Your assignment → Using the entries below, show all lines with the string "float".
*** Opening Data supplied ***
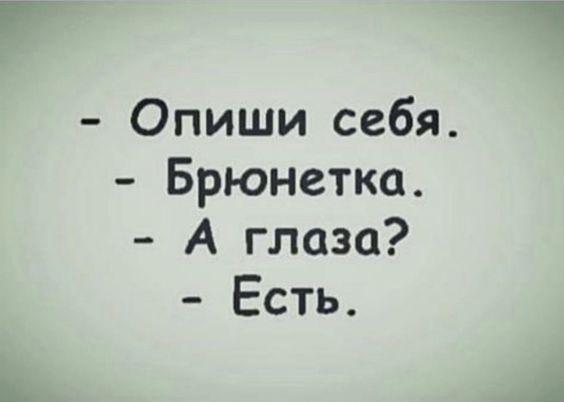 Подробнее о статье Свежие шутки на утро вторника (25 шт)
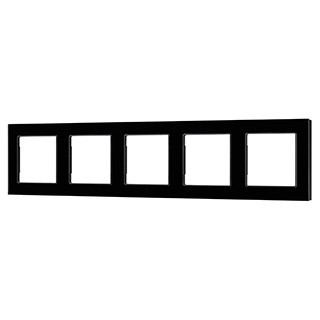 Рамка Arlight 043806 Glare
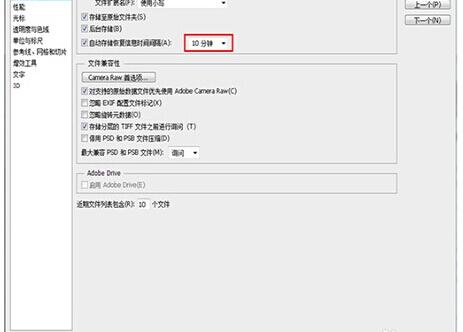 t0120ecc04655837424.jpg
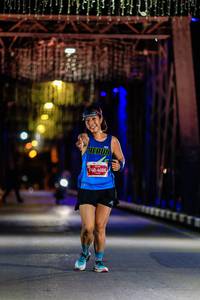 BIB: 
                            <button type="button" onclick="openModal(27881395)" class="btn btn-primary btn-sm float-right btn-popup" data-toggle="modal" data-target=".modal-high-quality">
                        <i class="fas fa-shopping-cart"></i> Add to Cart
                    </button>
                                            <button type="button" onclick="isThisMe(27881395, true)" class="btn btn-success btn-sm float-right btn-popup btn-isme hidden" data-toggle="tooltip" data-placement="bottom" title="นี่คือรูปของคุณใช่ไหม คลิกที่นี่เพื่อเอาเข้าอัลบั้ม">
                        <i class="fas fa-plus"></i> Add to album
                    </button>
                    <button type="button" onclick="isThisMe(27881395, false)" class="btn btn-warning btn-sm float-right btn-popup btn-isnotme hidden">
                        <i class="fas fa-ban"></i> Remove from album
                    </button>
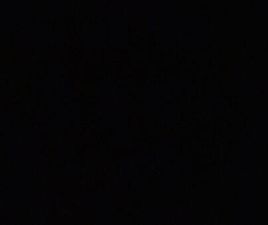 3.0 35D M SPORT AUTO XDRIVE EURO 6 (START/STOP) 5DR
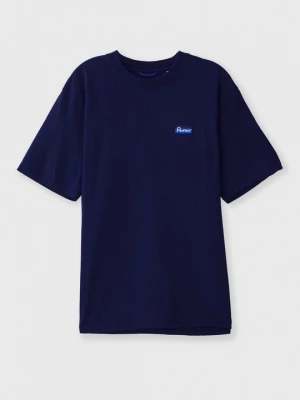 Obrázek produktu Triko s potiskem Penfield tmavě modrá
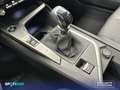 Peugeot 308 SW 1.2 PureTech S&S Allure Pack 130 Azul - thumbnail 17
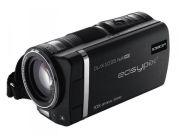 Easypix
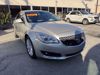 Picture of Used 2016 Buick Champagne Sedan – 2.0L I4 | Comfortable & Reliable Daily Driver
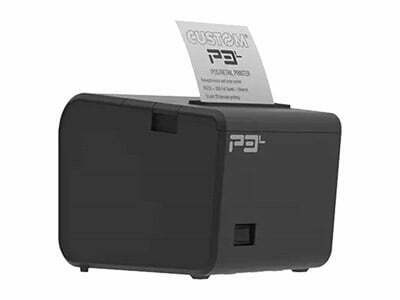printer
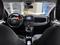 Fiat Panda 1.0 BSG Firefly 70k COLD *302*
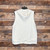 NWT Susana Monaco Lightweight Vest S-4/6 60129-S000571180 View 2
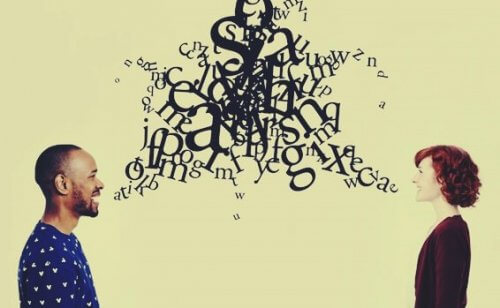 Otwieranie się przed innymi: korzyści i wady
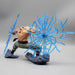 Figurine One Piece - Edward Newgate Barbe Blanche-MANGA SHOP-Manga Shop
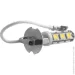     H3-013Z5050  12V LEDUA (36)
*** Closing Data supplied ***
Response area →
                            <button type="button" onclick="openModal(27881395)" class="btn btn-primary btn-sm float-right btn-popup" data-toggle="modal" data-target=".modal-high-quality">
                                            <button type="button" onclick="isThisMe(27881395, true)" class="btn btn-success btn-sm float-right btn-popup btn-isme hidden" data-toggle="tooltip" data-placement="bottom" title="นี่คือรูปของคุณใช่ไหม คลิกที่นี่เพื่อเอาเข้าอัลบั้ม">
                    <button type="button" onclick="isThisMe(27881395, false)" class="btn btn-warning btn-sm float-right btn-popup btn-isnotme hidden">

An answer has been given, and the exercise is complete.